Given records:
☆ ☆ ☆ ☆
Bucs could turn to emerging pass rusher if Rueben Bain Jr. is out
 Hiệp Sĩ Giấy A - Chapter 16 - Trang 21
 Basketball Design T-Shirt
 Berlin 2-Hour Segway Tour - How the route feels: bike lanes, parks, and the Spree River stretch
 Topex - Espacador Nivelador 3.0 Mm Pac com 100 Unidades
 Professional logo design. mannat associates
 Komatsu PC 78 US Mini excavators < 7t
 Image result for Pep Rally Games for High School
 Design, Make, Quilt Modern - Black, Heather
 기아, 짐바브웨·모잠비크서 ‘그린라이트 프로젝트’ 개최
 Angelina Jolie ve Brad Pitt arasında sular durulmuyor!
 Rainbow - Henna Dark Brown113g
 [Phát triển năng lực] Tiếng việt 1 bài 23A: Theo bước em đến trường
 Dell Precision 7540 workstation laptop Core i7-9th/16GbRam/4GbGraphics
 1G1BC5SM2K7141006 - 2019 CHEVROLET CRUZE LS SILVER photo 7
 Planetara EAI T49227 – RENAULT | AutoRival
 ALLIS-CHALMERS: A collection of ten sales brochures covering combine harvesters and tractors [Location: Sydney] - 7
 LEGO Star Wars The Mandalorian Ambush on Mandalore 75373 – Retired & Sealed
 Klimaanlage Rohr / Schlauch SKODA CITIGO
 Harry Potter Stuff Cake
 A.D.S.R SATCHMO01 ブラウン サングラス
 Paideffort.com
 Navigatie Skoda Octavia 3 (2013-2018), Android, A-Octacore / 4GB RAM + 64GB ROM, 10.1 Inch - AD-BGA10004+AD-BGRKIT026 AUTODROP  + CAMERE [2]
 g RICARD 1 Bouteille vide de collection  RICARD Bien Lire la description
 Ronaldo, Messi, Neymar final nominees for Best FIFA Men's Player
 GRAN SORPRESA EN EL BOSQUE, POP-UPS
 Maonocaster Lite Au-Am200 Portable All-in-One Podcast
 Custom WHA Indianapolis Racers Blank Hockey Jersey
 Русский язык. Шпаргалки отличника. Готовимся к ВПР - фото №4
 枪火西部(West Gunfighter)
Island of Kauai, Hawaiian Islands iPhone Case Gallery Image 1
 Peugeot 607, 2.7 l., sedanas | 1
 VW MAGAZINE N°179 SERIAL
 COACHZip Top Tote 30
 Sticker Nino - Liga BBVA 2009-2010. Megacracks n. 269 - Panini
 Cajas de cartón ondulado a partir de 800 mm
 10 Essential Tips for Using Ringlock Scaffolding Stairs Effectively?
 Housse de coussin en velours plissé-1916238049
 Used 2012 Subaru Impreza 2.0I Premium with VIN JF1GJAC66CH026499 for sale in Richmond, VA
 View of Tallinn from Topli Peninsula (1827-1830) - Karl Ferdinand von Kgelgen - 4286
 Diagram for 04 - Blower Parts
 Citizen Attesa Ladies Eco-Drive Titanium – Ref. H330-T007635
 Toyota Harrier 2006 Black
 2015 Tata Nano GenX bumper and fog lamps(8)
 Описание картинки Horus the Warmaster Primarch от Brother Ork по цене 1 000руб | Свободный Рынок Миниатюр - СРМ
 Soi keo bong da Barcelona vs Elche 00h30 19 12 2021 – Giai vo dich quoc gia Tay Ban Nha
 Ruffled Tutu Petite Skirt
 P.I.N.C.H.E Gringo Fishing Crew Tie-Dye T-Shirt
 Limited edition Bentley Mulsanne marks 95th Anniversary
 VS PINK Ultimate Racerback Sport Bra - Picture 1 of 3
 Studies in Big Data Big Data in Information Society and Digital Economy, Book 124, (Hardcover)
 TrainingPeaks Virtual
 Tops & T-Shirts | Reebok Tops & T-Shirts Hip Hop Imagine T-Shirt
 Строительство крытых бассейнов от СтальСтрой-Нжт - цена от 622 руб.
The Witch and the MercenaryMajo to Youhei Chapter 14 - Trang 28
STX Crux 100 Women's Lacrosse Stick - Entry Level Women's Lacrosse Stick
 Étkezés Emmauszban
☆ ☆ ☆ ☆
Task: Give the data back in full, matching it character for character.

Result of the task:
Bucs could turn to emerging pass rusher if Rueben Bain Jr. is out
 Hiệp Sĩ Giấy A - Chapter 16 - Trang 21
 Basketball Design T-Shirt
 Berlin 2-Hour Segway Tour - How the route feels: bike lanes, parks, and the Spree River stretch
 Topex - Espacador Nivelador 3.0 Mm Pac com 100 Unidades
 Professional logo design. mannat associates
 Komatsu PC 78 US Mini excavators < 7t
 Image result for Pep Rally Games for High School
 Design, Make, Quilt Modern - Black, Heather
 기아, 짐바브웨·모잠비크서 ‘그린라이트 프로젝트’ 개최
 Angelina Jolie ve Brad Pitt arasında sular durulmuyor!
 Rainbow - Henna Dark Brown113g
 [Phát triển năng lực] Tiếng việt 1 bài 23A: Theo bước em đến trường
 Dell Precision 7540 workstation laptop Core i7-9th/16GbRam/4GbGraphics
 1G1BC5SM2K7141006 - 2019 CHEVROLET CRUZE LS SILVER photo 7
 Planetara EAI T49227 – RENAULT | AutoRival
 ALLIS-CHALMERS: A collection of ten sales brochures covering combine harvesters and tractors [Location: Sydney] - 7
 LEGO Star Wars The Mandalorian Ambush on Mandalore 75373 – Retired & Sealed
 Klimaanlage Rohr / Schlauch SKODA CITIGO
 Harry Potter Stuff Cake
 A.D.S.R SATCHMO01 ブラウン サングラス
 Paideffort.com
 Navigatie Skoda Octavia 3 (2013-2018), Android, A-Octacore / 4GB RAM + 64GB ROM, 10.1 Inch - AD-BGA10004+AD-BGRKIT026 AUTODROP  + CAMERE [2]
 g RICARD 1 Bouteille vide de collection  RICARD Bien Lire la description
 Ronaldo, Messi, Neymar final nominees for Best FIFA Men's Player
 GRAN SORPRESA EN EL BOSQUE, POP-UPS
 Maonocaster Lite Au-Am200 Portable All-in-One Podcast
 Custom WHA Indianapolis Racers Blank Hockey Jersey
 Русский язык. Шпаргалки отличника. Готовимся к ВПР - фото №4
 枪火西部(West Gunfighter)
Island of Kauai, Hawaiian Islands iPhone Case Gallery Image 1
 Peugeot 607, 2.7 l., sedanas | 1
 VW MAGAZINE N°179 SERIAL
 COACHZip Top Tote 30
 Sticker Nino - Liga BBVA 2009-2010. Megacracks n. 269 - Panini
 Cajas de cartón ondulado a partir de 800 mm
 10 Essential Tips for Using Ringlock Scaffolding Stairs Effectively?
 Housse de coussin en velours plissé-1916238049
 Used 2012 Subaru Impreza 2.0I Premium with VIN JF1GJAC66CH026499 for sale in Richmond, VA
 View of Tallinn from Topli Peninsula (1827-1830) - Karl Ferdinand von Kgelgen - 4286
 Diagram for 04 - Blower Parts
 Citizen Attesa Ladies Eco-Drive Titanium – Ref. H330-T007635
 Toyota Harrier 2006 Black
 2015 Tata Nano GenX bumper and fog lamps(8)
 Описание картинки Horus the Warmaster Primarch от Brother Ork по цене 1 000руб | Свободный Рынок Миниатюр - СРМ
 Soi keo bong da Barcelona vs Elche 00h30 19 12 2021 – Giai vo dich quoc gia Tay Ban Nha
 Ruffled Tutu Petite Skirt
 P.I.N.C.H.E Gringo Fishing Crew Tie-Dye T-Shirt
 Limited edition Bentley Mulsanne marks 95th Anniversary
 VS PINK Ultimate Racerback Sport Bra - Picture 1 of 3
 Studies in Big Data Big Data in Information Society and Digital Economy, Book 124, (Hardcover)
 TrainingPeaks Virtual
 Tops & T-Shirts | Reebok Tops & T-Shirts Hip Hop Imagine T-Shirt
 Строительство крытых бассейнов от СтальСтрой-Нжт - цена от 622 руб.
The Witch and the MercenaryMajo to Youhei Chapter 14 - Trang 28
STX Crux 100 Women's Lacrosse Stick - Entry Level Women's Lacrosse Stick
 Étkezés Emmauszban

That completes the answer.